Collects straw from Mehatpur farmers to run his unit

Jalandhar farmer shows the way with stubble cardboard

Gurtej Singh



Aakanksha N Bhardwaj

Tribune News Service

Jalandhar, September 27

With the state government reiterating and urging farmers not to burn stubble, a farmer from Mehatpur village has set an example by using paddy stubble for making cardboard since 2010. The use of paddy straw as a raw material in the making of cardboard not only gives it a better quality, but production cost is also low.

Gurtej Singh, along with his two cousins Biranmol Singh and Paramvir Singh, started a small cardboard business in 2007. The unit is running at Kakran Kalan in the Shahkot block. For three years, they used only sack bags and sludge as raw materials in the production. It was in 2010 when he started using paddy straw and found that his input cost was reduced. “Sludge and sack bags are costly. Now, 70 per cent of paddy straw is used, resulting in a low expenditure for a decade,” he says.

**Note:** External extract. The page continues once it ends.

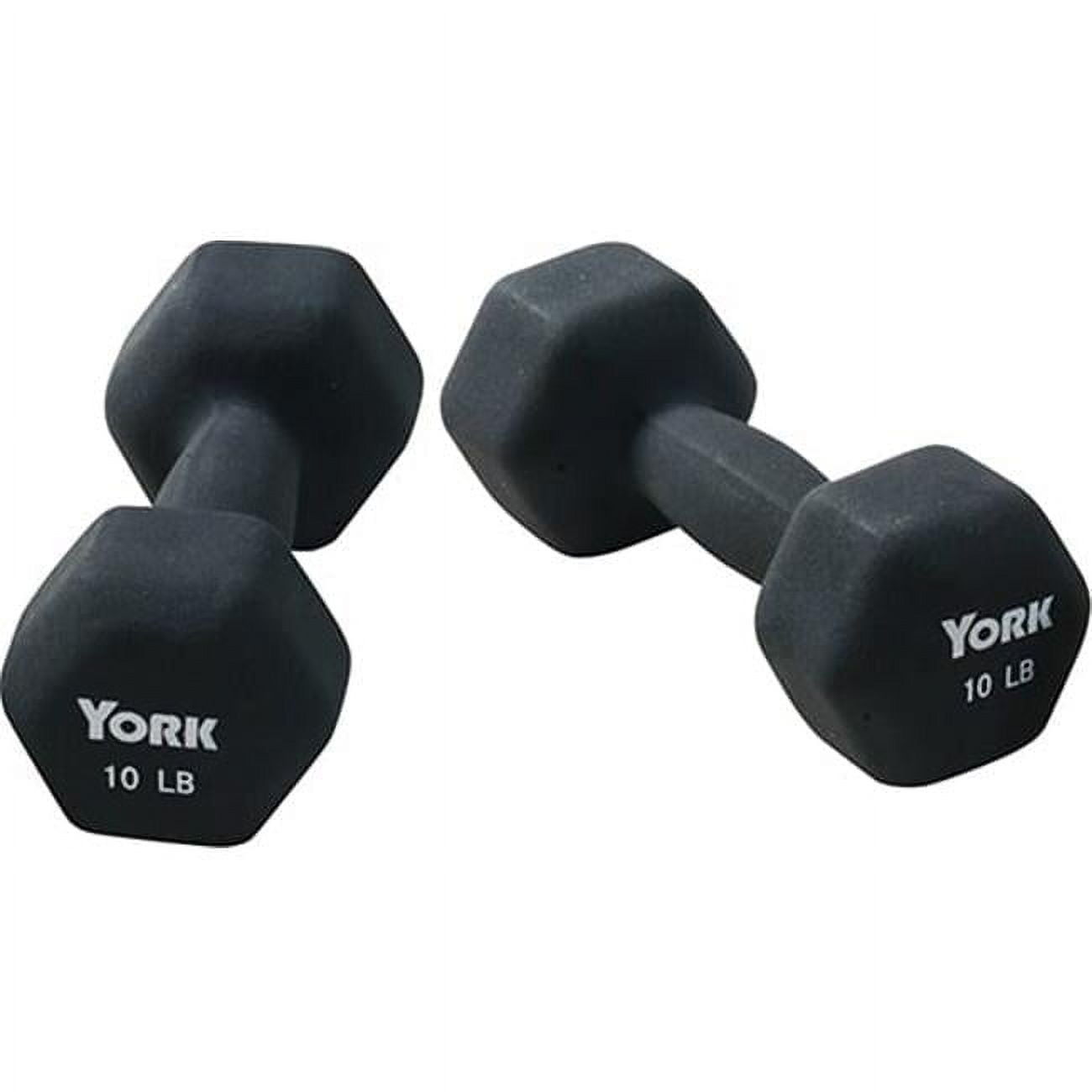 York Barbell Neoprene Hexagon Fitbell with Cast Ergo Handle, Black - 10 lbs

Gurtej says he came in contact with Krishi Vigyan Kendra (KVK), Nurmahal, before 2010, and it was after getting training there and under the guidance of experts he started working on using stubble in cardboard manufacturing.

According to him, almost every farmer in Kakran Kalan gives paddy straw to them. “The farmers in Kakran Kalan don’t burn their paddy straw anymore,” he says.

He gathers paddy stubble from 300 acres in Kakran Kalan and surrounding villages. Kakran Kalan Sarpanch Paramjit Kaur claims that no one in the village burns stubble. Corroborating Gurtej’s statement, she says almost every farmer in the village provides paddy straw to the unit.

While explaining the procedure, Gurtej informs that with the help of a Baler machine, several bundles of paddy stubble are made. Then the stubble, sack and waste products’ sludge is put in a Beeter machine that mixes up the three raw materials, and a paste is formed, which gets transformed into cardboard.

“It gives me satisfaction that I am not contributing to the pollution. I am using paddy stubble in a right way,” he adds.